Dependency
Introduction
Transformations are operations on RDDs, Dataframes, or Dataset, that produce new RDDs, Dataframes, or Datasets. Transformations are lazy evaluated, which means they are not executed until an action is called.
Spark uses transformation to build a DAG(Directed Acyclic Graph) of computation that represents the sequence of steps required to compute the final result. Transformations can be categorized as either Narrow
or Wide
based on whether their dependency on input data partitions.
Narrow dependency(transformation)
A narrow transformation is a transformation that need to operate only on a single parition of input data to produce one partition of output data. These transformations do not require shuffling of data between partitions. They can be executed on a single partition without needing to exchange data with other partitions.

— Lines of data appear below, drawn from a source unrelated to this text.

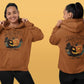 A woman models a brown Halloween Town hoodie with a vintage pumpkin graphic.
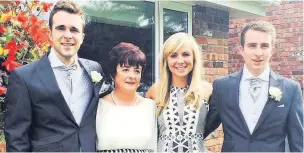  ??  ?? ●● James (right) with his brother John, mum Marie Fearns and sister Harriet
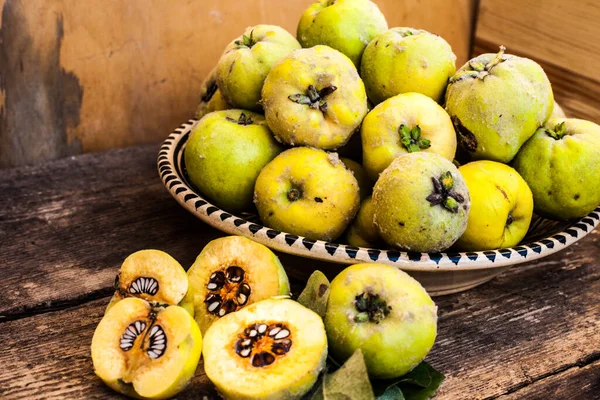 Quince fruits on a wooden background. Harvest of autumn fruits. Yellow tart hard fruit. Cut quince with leaf. Terry grade. Healthy vitamin food.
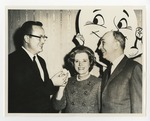 Two men and a woman in front of a smiley cartoon poster board by Lonnie W. Fleming Sr.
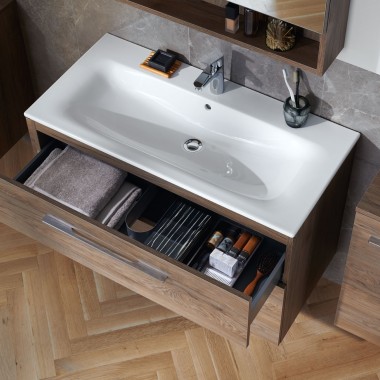 The design forms a perfect unit with the washbasin cabinets and matching furniture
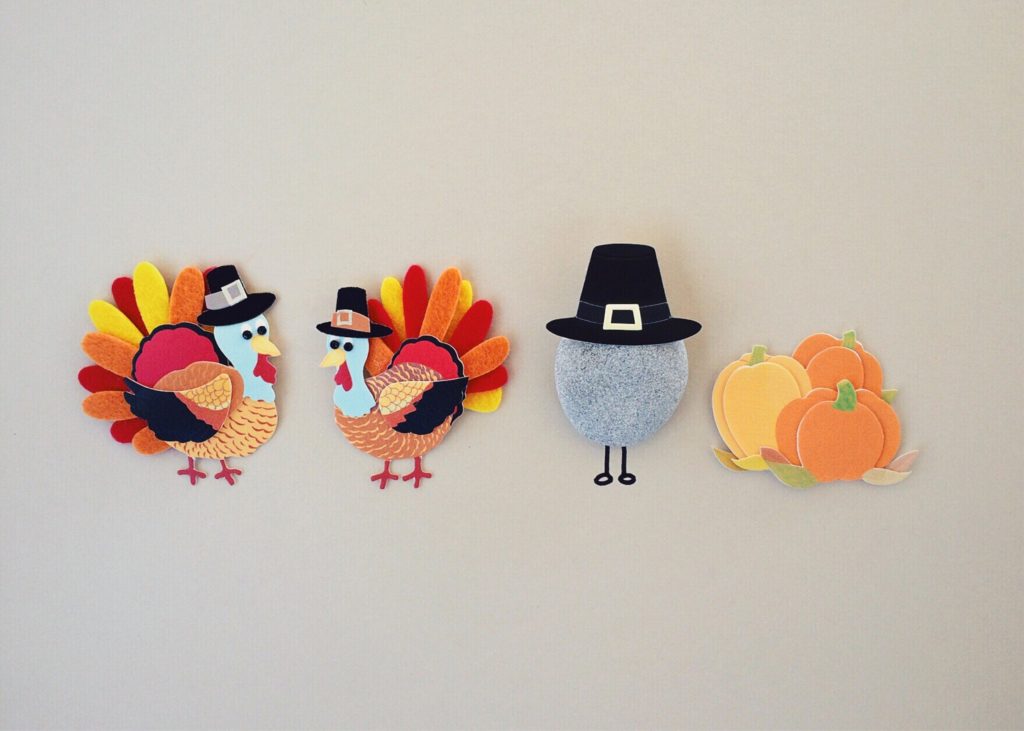 Felt Thanksgiving decorations depicting turkeys, a pumpkin, and a pilgrim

Here, are some examples are narrow dependencies:
-
Map transformation: In this transformation, each input element of the parent Dataframe is transformed to a single output element of the child Dataframe. Since each output element depends on only one input element, it is a narrow dependency.
-
Filter transformation: In this transformation, each partition of the parent Dataframe is filtered based on a predicate function, resulting in a child Dataframe with only the elements that satisfy the predicate. Since each partition of the child Dataframe depends on only one partition of the parent Dataframe, it is a narrow dependency.
-
Union transformation: In this transformation, two Dataframes are combined to form a single Dataframe, with each partition of the child Dataframe depending on only one partition of each parent Dataframe. Since each partition of the child Dataframe depends on only one partition of each parent Dataframe, it is a narrow dependency.
Wide dependency(transformation)
Wide dependency transformations are those where each partition of the output DataFrame depends on multiple partitions of the input DataFrame. This means that the transformation requires shuffling data across the network, which can be resource-intensive.
Here are some examples of wide dependency transformations:
-
groupByKey() - This transformation groups the elements of a DataFrame by key, producing a new DataFrame with one row per distinct key. Since the output partitions depend on all the input partitions with matching keys, groupByKey() is a wide dependency transformation.
-
reduceByKey() - This transformation groups the elements of a DataFrame by key, and then applies a reduce function to each group to produce a new DataFrame. Since the output partitions depend on all the input partitions with matching keys, reduceByKey() is a wide dependency transformation.
A join can be wide or narrow depending on the paritioning of the input. If the input tables are already paritioned on the join key, then each parition in the output of the join depends only on a partition in the input data and it will be a narrow dependency transformation. But if the input tables are not paritined on the join key, then there is need to shuffle the data and it will be wide dependency transformaiton.